Try as I may, I couldn’t help but accommodate my friend. You see, Posey was a Baptist minister, and he had buried most of the members of our Holland family; we were all Methodist. So, Posey had made me an offer I couldn’t refuse.
Then I called on our friend Bob Moore of Snelling/Columbia to help me with an idea. Without blinking an eye, Bobby and I were on the same team!
At this point, we will lean heavily on the article appearing in the Augusta Chronicle in the early 1960s. This affords us the only picture available of Bobby’s choice for Barnwell’s friendliest, “Miss Martha” Moore Martin.
Here lies her story.
According to “Miss Martha”, when you have lived with partial blindless for an entire lifetime, then total blindless isn’t too hard to contend with.
Dodging untold despair, this lady sought help from the South Carolina Division for the Blind. Through their training program, our friend was duly prepared and encouraged to become self-sufficient. It was decided that this Barnwell native would open a concession stand inside the Barnwell County Courthouse. The location was perfect: at the foot of the stairs. Possessing a feeling of self worth, she was now in business!
What about handling money?
Miss Martha stated, ”I have learned to recognize the feel of different coins. The only thing that would give me trouble is paper money. I made a policy of not accepting anything larger than a one dollar bill unless it is from someone I know.”
The cost of snack items were no higher or lower than elsewhere around Barnwell. The proprietor wouldn’t hear of such!
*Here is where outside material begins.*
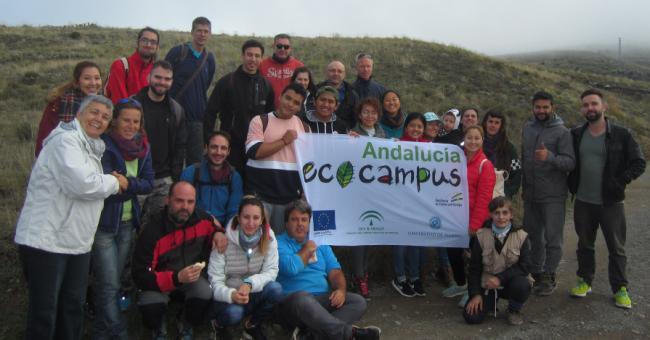 Más de 40 voluntarios en la primera reforestación del siglo XXI en la Sierra de Gádor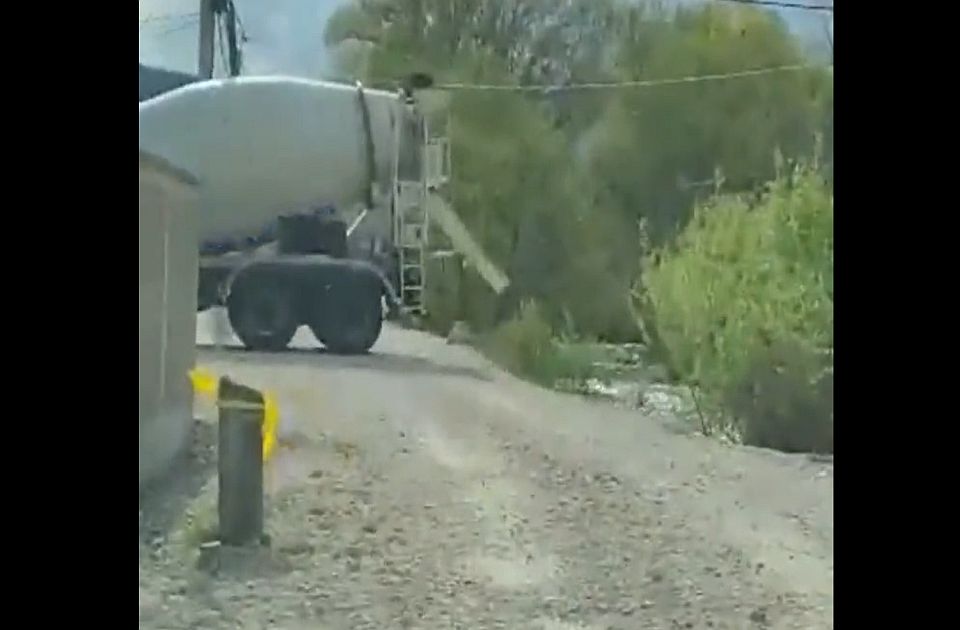 A folyóban már nem hogy halak, de már békák és algák sem élnek (Videóval)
Yet, here was a popular gathering place for courthouse employees where friendships were birthed and up-to-date local news was reported promptly’. In today’s world, we would go “hang out” at the base of the courthouse steps with our co-workers, our friends!
And so, in celebrating Barnwell’s bicentinnel in 2000, “Miss Martha” Moore Martin was selected as “one of Barnwell’s friendliest”.
Bob Moore wrote of “Miss Martha”: “Everybody in town knew her special voice, and the mention of her name always brought a smile to the faces of people. To everyone that she touched, she lighted a lamp that immediately allowed one to see good in their being.”
“She never complained, and she never belonged to the blame industry. She was glad to be alive; she was glad you were, too. She treated everyone the same for there were no preferences in her world, everyone was simply a child of god.
While you saw her everywhere in town - the courthouse where she worked, her home where she lived on Main Street, and her church where she worshipped - she never saw you. She was blind. Nobody living in Barnwell in those days will ever forget the name of Martha Moore Martin.
Wouldn’t it be wonderful if all towns today had lamplighters like “Miss Martha”?